Итак, мы в Свислочи, среди обширной, четырехугольной базарной площади этого местечка, сплошь обставленной старинными еврейскими домами и домишками с высокими, острогребенными кровлями.
– Где же мне квартира отведена?
– А вот, пожалуйте, ваше благородие! – говорит, руку под козырек, наш квартирьер. – Пожалуйте со мною! Сюда вот, на Брестскую улицу! Под ваше благородие нам отвели у Кудлаковских.
Брестская улица представляет собою довольно длинный, прямой и широкий проспект, в конце которого вырисовывается силуэт католической каплицы с легкою башенкой, а по бокам ее двое каменных триумфальных арок, и над ними по сторонам возвышаются купы древних тополей, вязов и грабов. Такая улица – хоть и в губернском городе, так ничего бы себе. Белые деревянные домики с крылечками и беленые хатки, иногда с палисадниками, тянутся по бокам этой улицы. В одном из таких домиков помещается отведенная мне квартира.
Пан Кудлаковский – старый ветеран польских войск; у него имеются: «стара пани» – его супруга и две "дцурки* – довольно зрелые и некогда, быть может, недурненькие девы; у двух же дцурок есть «канарек у клятце» и «пантальоны», т. е. канарейка в клетке и древние, разбитые клавикорды, иногда с черными клавишами вместо белых и с белыми заместо черных, что не редко встречается в Свислочи; и все это есть у них непременно, потому что без «канарка у клятце», без олеандра на окне и без этих мафусаиловых «пантальои» невозможно даже и вообразить себе ни одного шляхетного дома в Свислочи.

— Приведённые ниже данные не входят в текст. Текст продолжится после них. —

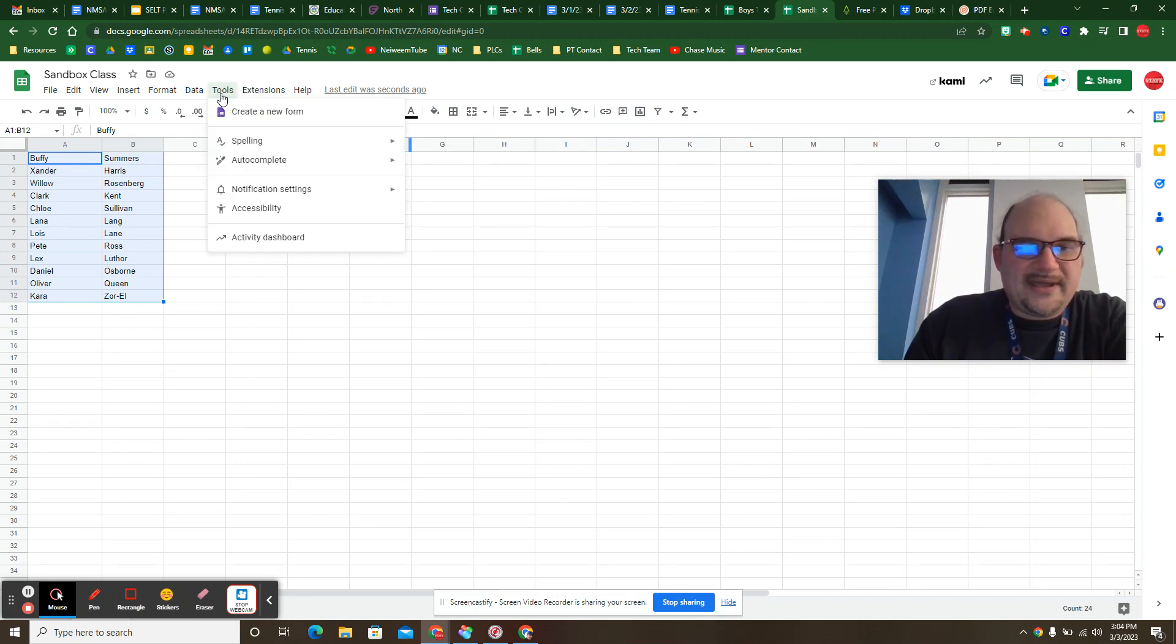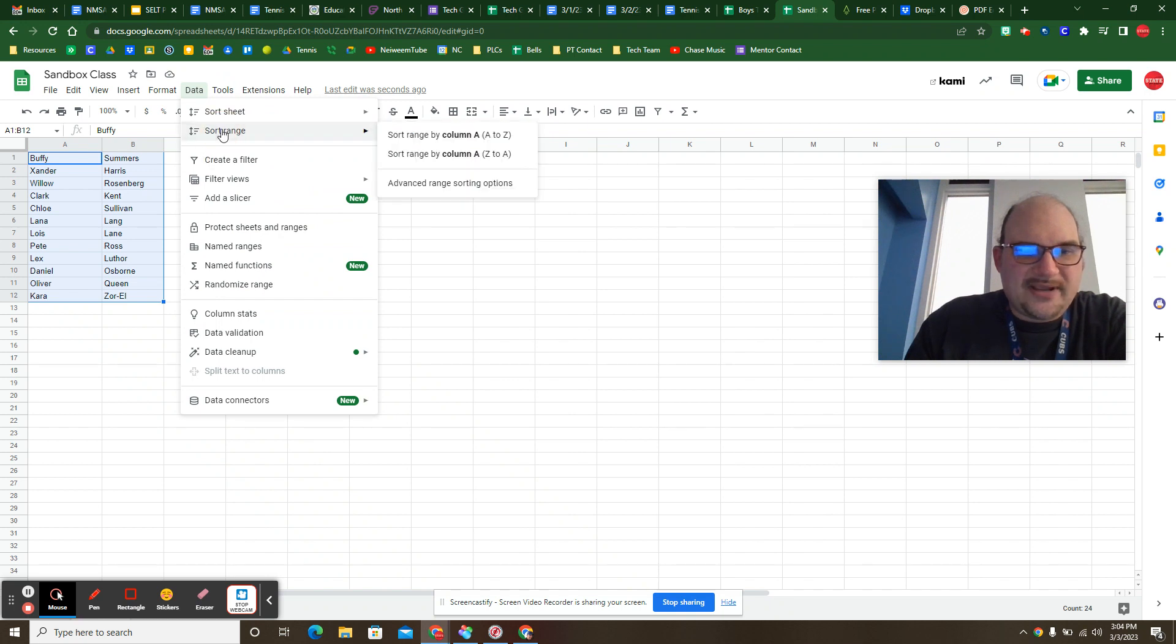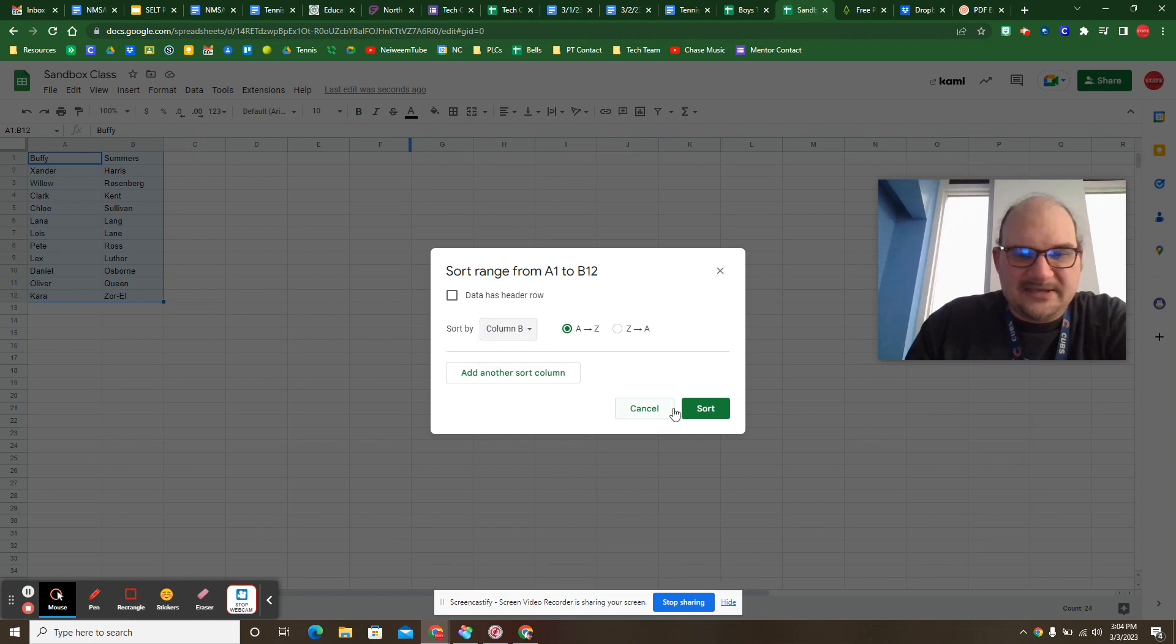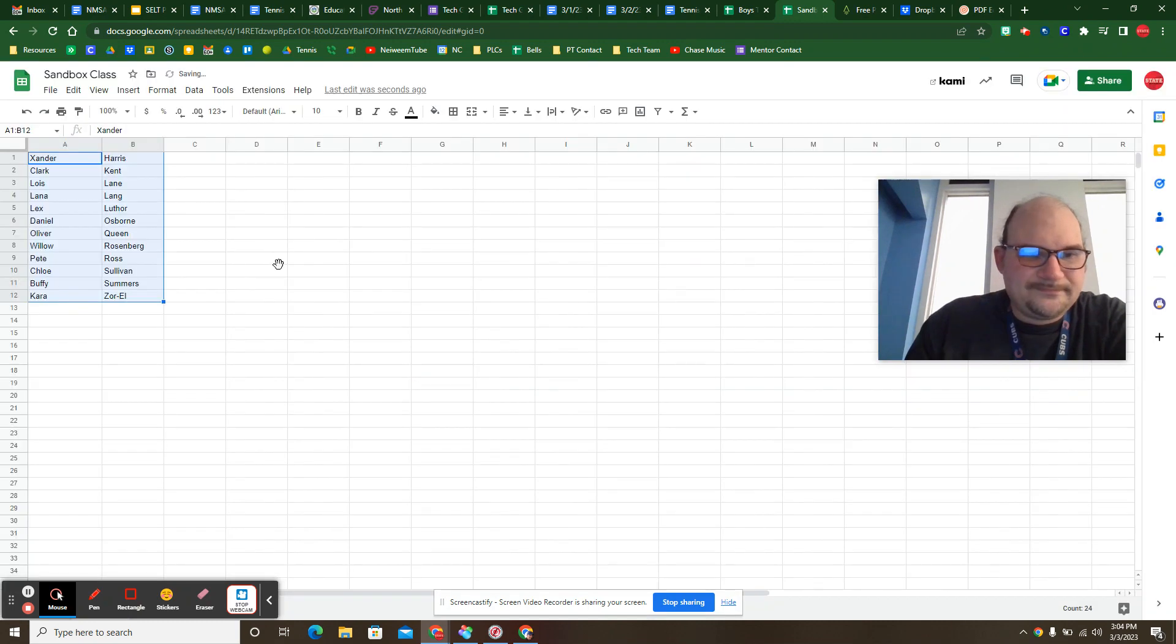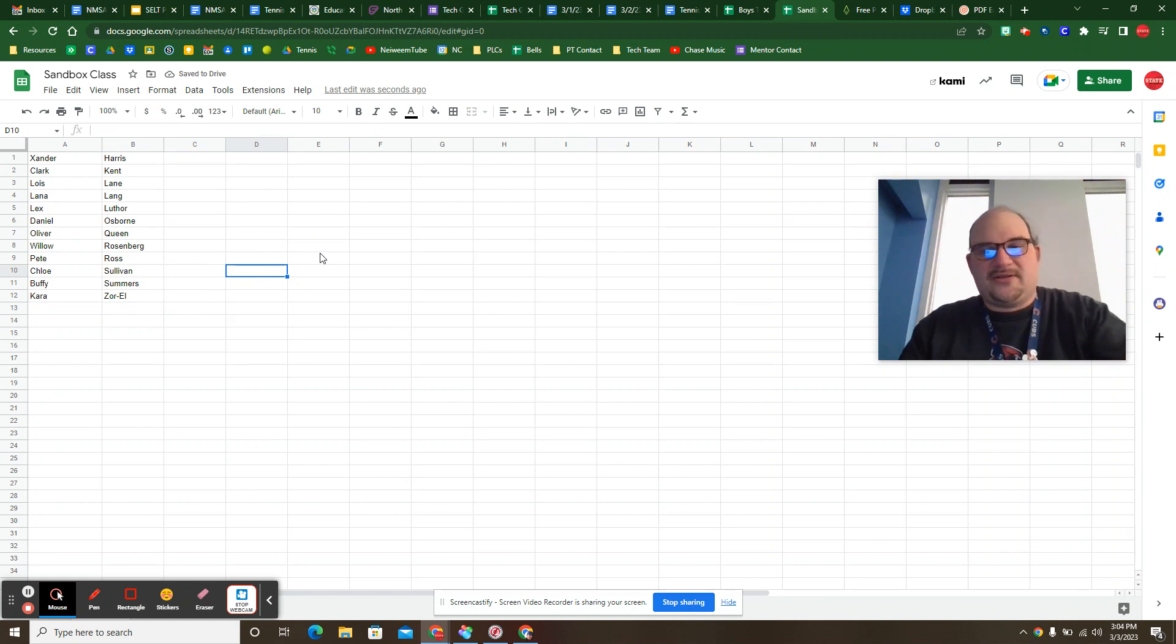Then to go ahead and get these guys alphabetical, I'm just going to sort range, advanced sorting options, column B, sort. And then that gives me my sandbox class in alphabetical order.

Через темные сени вхожу в отведенную мне половину – бррр!.. – как это все здесь холодно, мрачно и неприглядно!.. Сам пан со своей семьей ютится в другой, удобообитаемой половине дома; мне же отвели половину, никогда никем необитаемую уже довольно долгое время и существующую почти исключительно для военных офицерских постоев либо же для склада на зиму кое-каких хозяйственных припасов. Мне за это, конечно, нет ни малейшей надобности – да нет и права быть в претензии на пана Кудлаков-ского; но темнота, холод и неприглядность все-таки остаются, и надо позаботиться о том, чтобы какими ни на есть судьбами изгнать их отсюда поскорее: в одном окне отбита часть стекла – заткнем его покуда хоть сеном. Двойные рамы не вставлены, и потому около оконных переплетов образовались ледяные бугры, запушенные снежным налетом и с виду напоминающие прекраснейший, рафинированный сахар; стены тоже покрыты серебрящимся снежным налетом. Видно, что комната эта ни разу еще с лета не топлена и потому выстудилась и нахолодалась до того, что самые стены ее наружные насквозь промерзли. Послал к хозяевам за дровами.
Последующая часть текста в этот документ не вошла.